Furthermore, although the gam.check function of the mgcv package  
suggests to me that the gaussian family (and identity link) are  
adequate for my data, I must say the instructions in R help for  
"family" and in Hastie, T. and Tibshirani, R. (1990) Generalized  
Additive Models are too technical for me. If someone knows a  
reference that explains how to choose model and link, i.e. what tests  
to run on your data before choosing, I would really appreciate it.

Thanks in advance,

Denis Chabot
#
On Mon, 26 Sep 2005, Denis Chabot wrote:
No, this won't work.  The problem is the usual one with model selection: 
the p-value is calculated as if the df had been fixed, when really it was 
estimated.

It is likely to be quite hard to get an honest p-value out of something 
that does adaptive smoothing.

 	-thomas
1 day later
#
I only got one reply to my message:
I do not understand this: it seems that a lot of people chose df=4  
for no particular reason, but p-levels are correct. If instead I  
choose df=8 because a previous model has estimated this to be an  
optimal df, P-levels are no good because df are estimated?

Furthermore, shouldn't packages gam and mgcv give similar results  
when the same data and df are used? I tried this:

library(gam)
data(kyphosis)
kyp1 <- gam(Kyphosis ~ s(Age, 4), family=binomial, data=kyphosis)
kyp2 <- gam(Kyphosis ~ s(Number, 4), family=binomial, data=kyphosis)
kyp3 <- gam(Kyphosis ~ s(Start, 4), family=binomial, data=kyphosis)
anova.gam(kyp1)
anova.gam(kyp2)
anova.gam(kyp3)

detach(package:gam)
library(mgcv)
kyp4 <- gam(Kyphosis ~ s(Age, k=4, fx=T),  family=binomial,  
data=kyphosis)
kyp5 <- gam(Kyphosis ~ s(Number, k=4, fx=T),  family=binomial,  
data=kyphosis)
kyp6 <- gam(Kyphosis ~ s(Start, k=4, fx=T),  family=binomial,  
data=kyphosis)
anova.gam(kyp4)
anova.gam(kyp5)
anova.gam(kyp6)


P levels for these models, by pair

kyp1 vs kyp4: p= 0.083 and 0.068 respectively (not too bad)
kyp2 vs kyp5: p= 0.445 and 0.03 (wow!)
kyp3 vs kyp6: p= 0.053 and 0.008 (wow again)
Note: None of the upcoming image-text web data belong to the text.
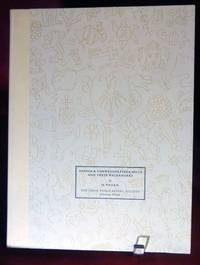 The Paper Mills Of Denmark & Norway And Their Watermarks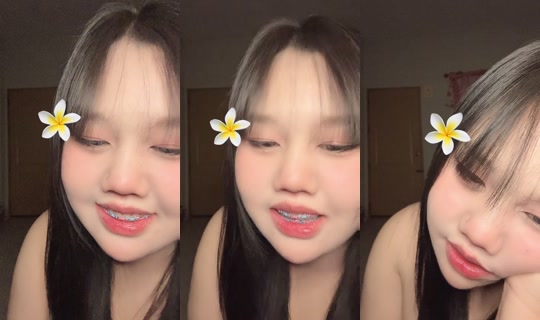 phone_901's Live Session — Jun 27, 2026, 7:34 PM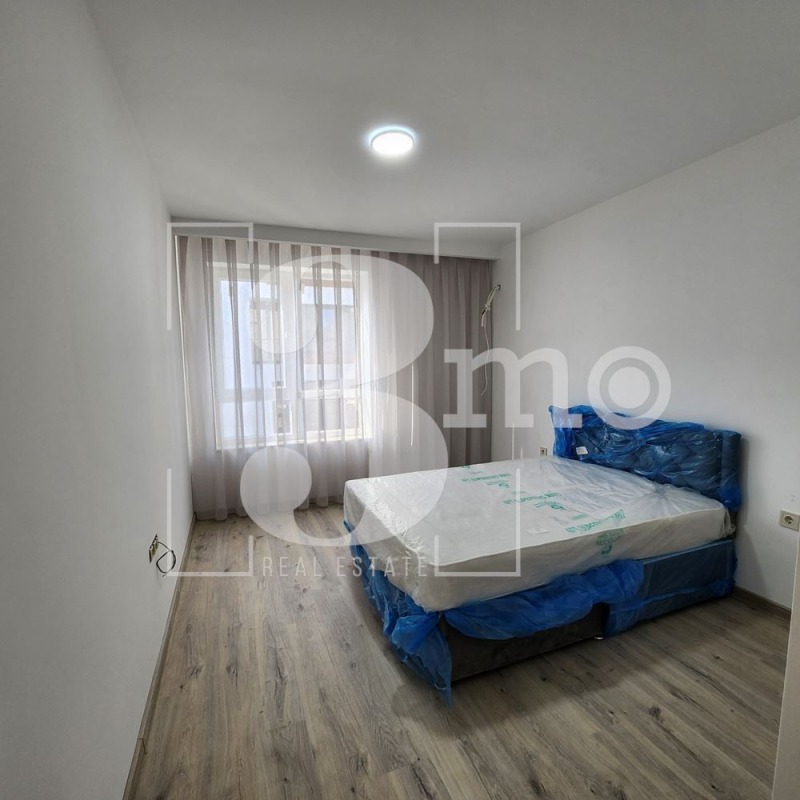 Da affittare  2 camere da letto Sofia , Darvenitsa , 106 mq | 97433369 - Immagine [4]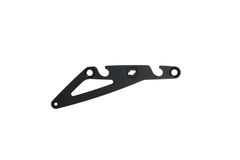 SLH For LH1 saddlebags - Left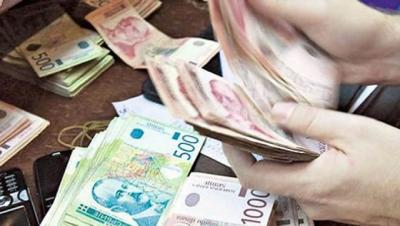 Država će plaćati 60% minimalca za jul i avgust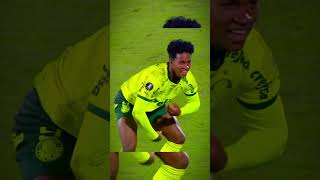 These guys vs racism 🔥🥶🙅‍♀️🖤 #footballshorts #football #viniciusjr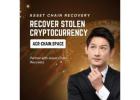 Fast & Secure Crypto Recovery Services by Asset Chain Recovery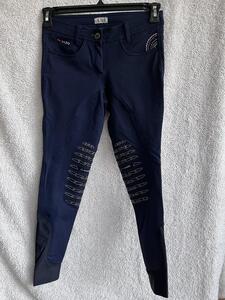 Pantalon IAGO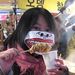 Profile Picture of An-Heo Yang (@anheoy) on Pinterest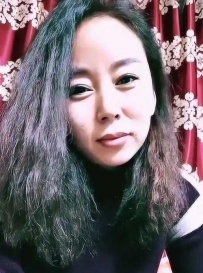 杭州滨江熟女服务系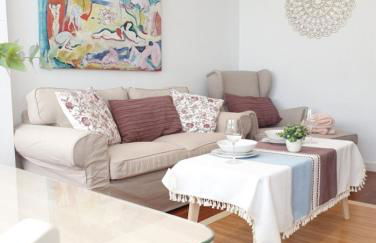 La Siesta en Tejares - Foto 5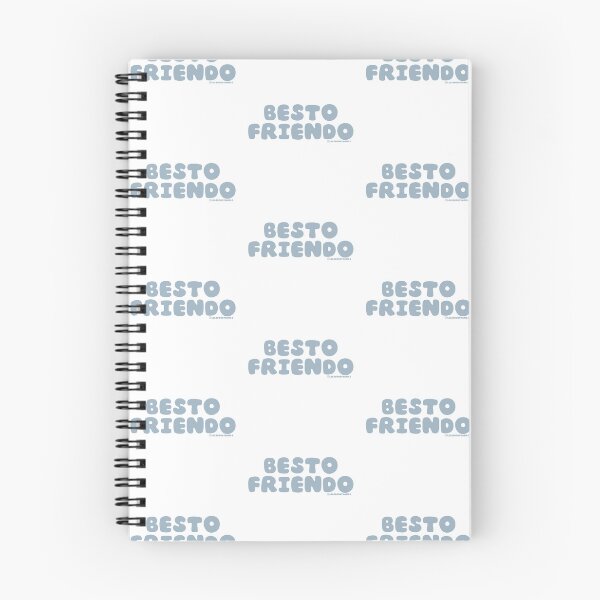 Item preview, Besto Friendo, v19a | @lilsboobthangs designed and sold by lilsboobthangs.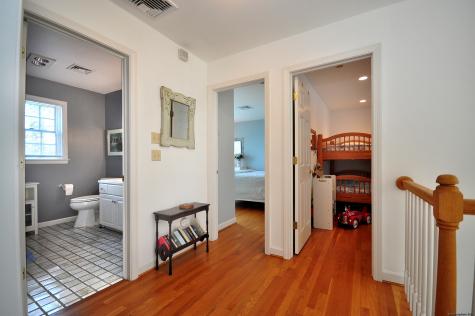 72 Sandy Beach Road Goshen CT 06756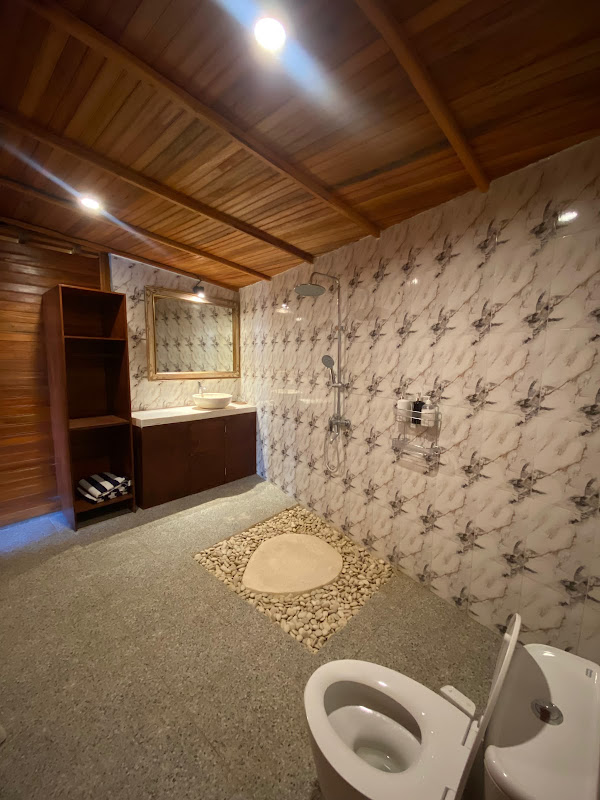 1 Bedroom · Penestanan, Ubud — photo 6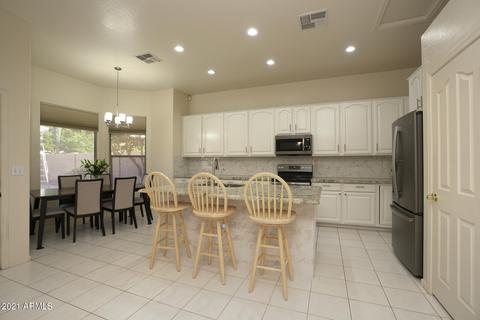 726 W Moore Ave, Gilbert, AZ 85233 photo 7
Also if you plot all these you find that the mgcv plots are smoother  
than the gam plots, even the same df are used all the time.

I am really confused now!

Denis

D??but du message r??exp??di?? :
#
Hi Yves,
Le 05-09-28 ?? 11:05, Yves Magliulo a ??crit :
Sorry, I did not see your message last week.
I think I follow you, but how do you "validate"? My fit goes very  
nicely in the middle of the data points and appears fine. In most  
cases p is way smaller than 0.001. I have one case that is bimodal in  
shape and more noisy, and p is only 0.03. How do I validate it, how  
do I check?
It is hard to evaluate the explanations based on the algorithm used  
to fit the data, but it seems to me that the answer, in terms of  
significance of the smooth, should be at least very similar.  
Otherwise, what do you do when an author cites one package? You  
wonder if the fit would have been significant using the other package?
Again, I can see that the p-values could differ a bit considering the  
differences between the 2 packages. But when the differences are huge  
and result in contradictory conclusions, I have a problem. Like you I  
hope more help is forthcoming.

Denis
#
On Wed, 28 Sep 2005, Denis Chabot wrote:

            
Yes. I know this sounds strange initially, but it really does make sense 
if you think about it carefully.

Suppose that Alice and Bob are kyphosis researchers, and that Alice always 
chooses 4df for smoothing Age.  We would all agree that her p-values are 
correct [in fact we wouldn't, but that is a separate issue]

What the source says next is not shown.